At the rear, a huge canvas shows a ravaged, wintry forest receding into the distance.
The work, For Madame De Stael: Germany, which is part of a new Kiefer retrospective here, appears to include a pointed message about a new generation of extremists who have taken aim at Europe.
French newspapers have pointed out that the mushrooms resemble tombstones and German news media have noted that Kiefer's themes of destruction and rejuvenation resonate with a traumatised nation.
Not necessarily, said Kiefer, who has worked in France since 1992. "What happened in Paris is a really dramatic, horrible accident and they are criminals, but it is not war," he said recently.
He said the work was influenced by German romanticism, the 19th-century philosophical movement that, he said, spawned dangerous political offshoots such as Nazism and 1970s radicals such as Meinhof who yearned "to be powerful, to be someone, to be great, to have an adventure".
In person, Kiefer, dressed in a black T-shirt and dark pants, was noticeably more cheerful than the air of melancholy that surrounds his works gathered at the Pompidou.
He called for a glass of cognac as he took a break from surveying preparations for the retrospective, which museum officials said had been under discussion for 10 years.
The Pompidou retrospective, which ends on April 18, is part of a recent flurry of attention in Europe for the 70-year-old Kiefer.
A show at the National Library of France through Feb 7 displays his handmade books, some of which are sheets of lead layered with sand, ashes, hair, plants and broken glass.
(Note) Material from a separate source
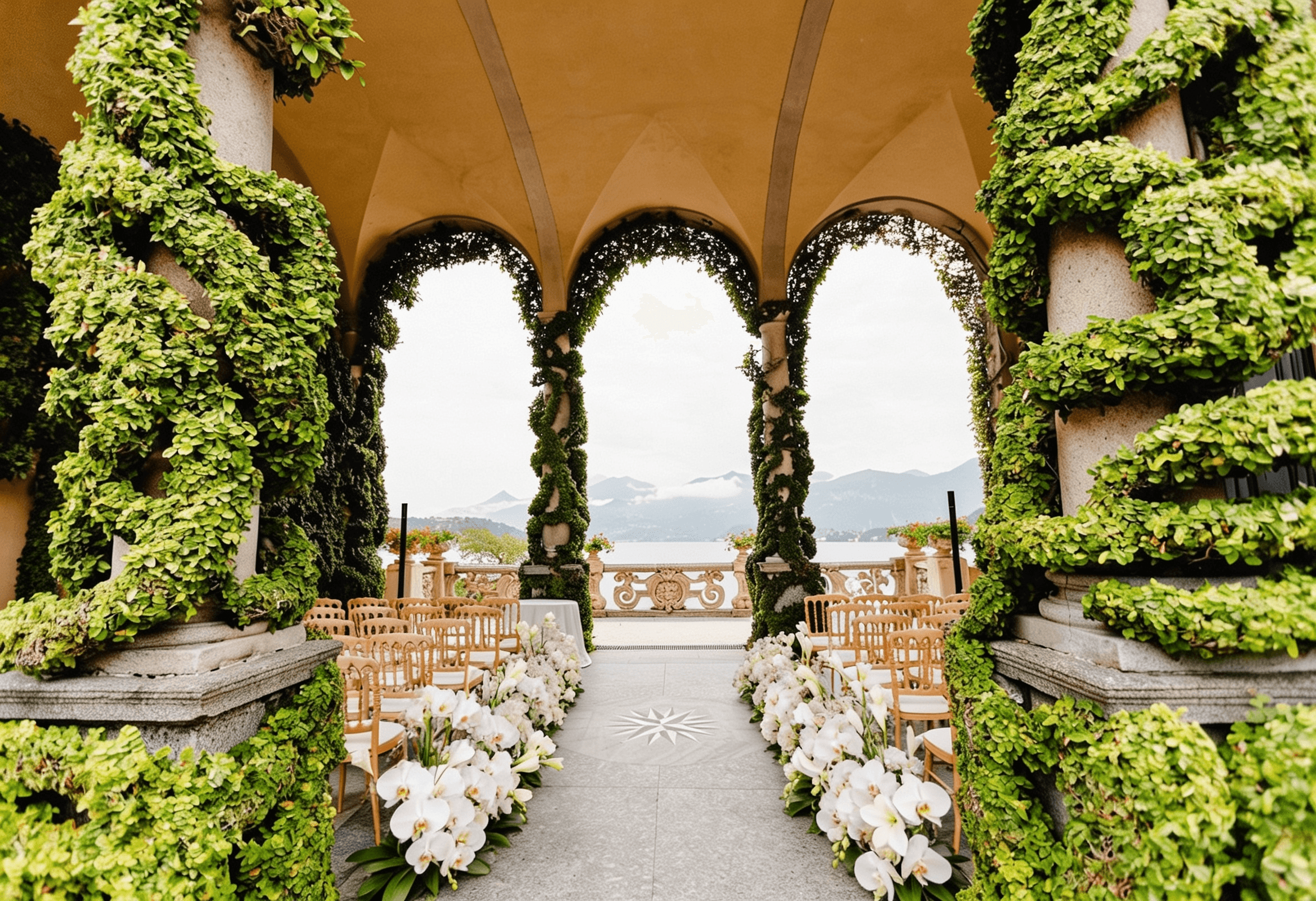 Ceremony aisle with white orchids, Lake Como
The Royal Academy of Art in London staged its own retrospective in 2014 and the Albertina museum in Vienna will feature more than 30 of his enormous woodcuts starting in March.
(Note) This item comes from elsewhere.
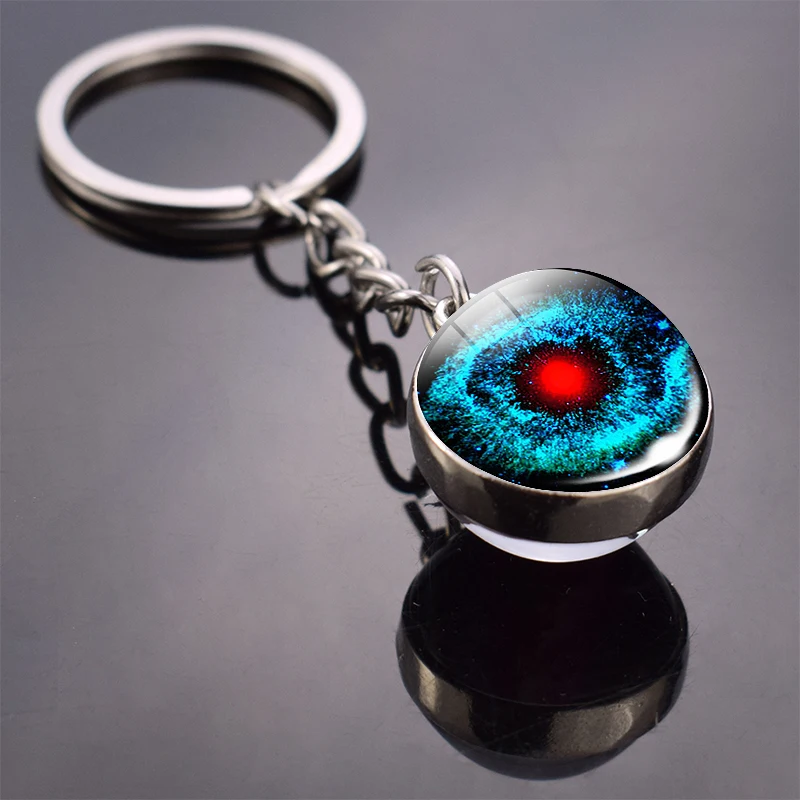 Helix Nebula Planet Keychain The Andromeda Galaxy Art Picture Glass Ball Pendent Keychain Star Keyring Astronomy Gift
The Paris show, arranged thematically and chronologically, spreads across more than 10 rooms on the sixth floor of the Pompidou and includes almost 150 works from public and private collections. Kiefer said he made personal appeals to persuade reluctant owners to lend.
His canvases are lyrical studies of ruins, built up with layers of rubble, ash, sand, scavenged clothes and straw and dense with historical symbols such as a coiled snake associated with seraphim, the biblical angels.
In one room, 40 vitrines display arrangements of found objects such as volcanic stones, ferns and leaden objects in the shape of anatomical organs.
Another room is devoted to works that explore the kabbalah, the Jewish mystical movement involving symbols that Kiefer, who was raised as a Catholic, said had intrigued him since a visit to Israel in 1984.
Kiefer was born two months before the end of World War II in Europe, part of a generation of Germans who grew up in a climate of amnesia and guilt about the Nazi regime, but with no memory of it.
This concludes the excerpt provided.